Oddly enough, Mary Mary and Warryn decided to keep the ballads and the dance tracks separate. I've already mentioned the first four songs on the album, which are pure gold, and the tempo doesn't really slow much until the eighth track. All of the songs between tracks eight and thirteen (except for one) are slow-to-moderate tempoed ballads. The first of them, "This Love," has an excellent slow groove with a catchy chorus and an interesting keyboard banjo sound propelling the mix. It gets a little repetitive, but you'll likely end up singing along by the end of it. This is followed by "I Try," a classic pop-gospel number in the tradition of CeCe Winans or The Clark Sisters. This one is clearly the album's standout ballad, featuring a beautiful melody and stunning vocal performances from Tina and Erica. I love this song most for its simple acknowledgement of our shortcomings and our need for a Savior. The ballad section of Incredible also features the Stevie Wonder-like "Smiled on Me," about the little blessings God bestows on us every day, and a cover of Stevie Wonder's "You Will Know."
Incredible presents more than an hour's worth of music spanning 15 tracks. I wish the ballads and dance tracks were mixed up a bit and that a few of these songs were cut so Mary Mary could have better developed the album's standout tracks. For example, "So Close" is an okay ballad that's easily forgettable after listening to four other ballads. Likewise, the album's closing dance track, "Happy," feels unnecessary and routine after all the other good dance tracks on the album. Incredible would have ended more powerfully with the second to last track, "Thank You," a knockout gospel-pop song by the Hawkins Singers in the tradition of classic acts such as Andrae Crouch and Commissioned. However, it concludes by transitioning into two minutes of an old recording by the Rev. James Moore performing the same song with his choir — the sound quality is so poor, I wish Mary Mary ended "Thank You" themselves.
Much of Incredible's production is strangely simplistic and raw. Some of it's cool in a retro-R&B sort of way, while other songs are just plain irritating. "Lil Girl" is such an encouraging song in its desire to build self-esteem, but the overly simplistic and repetitive drum loop of waterdrops and fingersnaps gets tiresome by the end of the song.
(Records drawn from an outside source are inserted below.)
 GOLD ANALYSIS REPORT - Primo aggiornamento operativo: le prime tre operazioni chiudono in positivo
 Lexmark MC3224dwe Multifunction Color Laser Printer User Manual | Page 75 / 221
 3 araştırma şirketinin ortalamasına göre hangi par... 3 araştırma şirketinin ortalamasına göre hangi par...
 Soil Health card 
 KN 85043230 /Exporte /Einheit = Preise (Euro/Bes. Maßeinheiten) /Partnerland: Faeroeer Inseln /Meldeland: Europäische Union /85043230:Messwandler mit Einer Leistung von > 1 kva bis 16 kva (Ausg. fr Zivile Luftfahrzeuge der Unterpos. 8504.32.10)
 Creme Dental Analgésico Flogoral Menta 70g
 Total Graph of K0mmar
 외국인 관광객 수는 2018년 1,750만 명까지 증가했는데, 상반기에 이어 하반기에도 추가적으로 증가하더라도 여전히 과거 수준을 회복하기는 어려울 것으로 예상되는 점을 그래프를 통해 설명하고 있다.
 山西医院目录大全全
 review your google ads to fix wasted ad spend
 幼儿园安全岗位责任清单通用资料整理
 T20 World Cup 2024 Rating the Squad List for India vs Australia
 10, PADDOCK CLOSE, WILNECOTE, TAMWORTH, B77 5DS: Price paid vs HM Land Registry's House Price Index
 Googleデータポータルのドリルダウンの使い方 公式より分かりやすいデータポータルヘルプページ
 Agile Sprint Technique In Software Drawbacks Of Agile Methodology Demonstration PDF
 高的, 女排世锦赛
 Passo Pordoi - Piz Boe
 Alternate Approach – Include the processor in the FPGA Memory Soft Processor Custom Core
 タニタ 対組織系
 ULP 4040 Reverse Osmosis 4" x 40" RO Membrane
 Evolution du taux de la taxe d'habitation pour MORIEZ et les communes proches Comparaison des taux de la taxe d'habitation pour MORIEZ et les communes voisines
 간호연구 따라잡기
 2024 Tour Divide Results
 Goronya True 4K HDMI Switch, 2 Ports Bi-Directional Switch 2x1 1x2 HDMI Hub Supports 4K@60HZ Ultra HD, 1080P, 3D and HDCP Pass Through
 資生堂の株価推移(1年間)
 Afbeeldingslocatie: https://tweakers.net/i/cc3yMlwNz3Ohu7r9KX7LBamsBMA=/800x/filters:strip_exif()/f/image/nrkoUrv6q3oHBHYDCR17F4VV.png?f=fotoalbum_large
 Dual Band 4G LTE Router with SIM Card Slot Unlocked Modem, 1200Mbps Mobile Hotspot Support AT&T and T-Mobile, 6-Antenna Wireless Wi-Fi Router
Nicole C. Mullen has done much better with similar themes. "Ordinary People," meanwhile, sounds rhythmically awkward, utilizing old synthesizer bass sounds and a clunky rhythm track primarily driven by a simple kick drum, out-of-date handclap effects, and a cowbell. "Hold On" is the most annoying track on the album because of the cacophonous and sloppy use of pitch bend on the backing tracks.
How much will you enjoy Incredible? I don't think it ever manages to upstage recent albums by Destiny's Child, Mary J. Blige, Out of Eden, or Mary Mary's debut for that matter. Yet for every mediocre to bad track on the album, there's at least one or two more that truly shine and demonstrate Mary Mary's true artistic growth. I guess your satisfaction with the album will depend on your tastes and expectations, since the responses thus far are so varied, including mine. Overall, I'd expect a mostly positive response to Incredible — another smash from Mary Mary.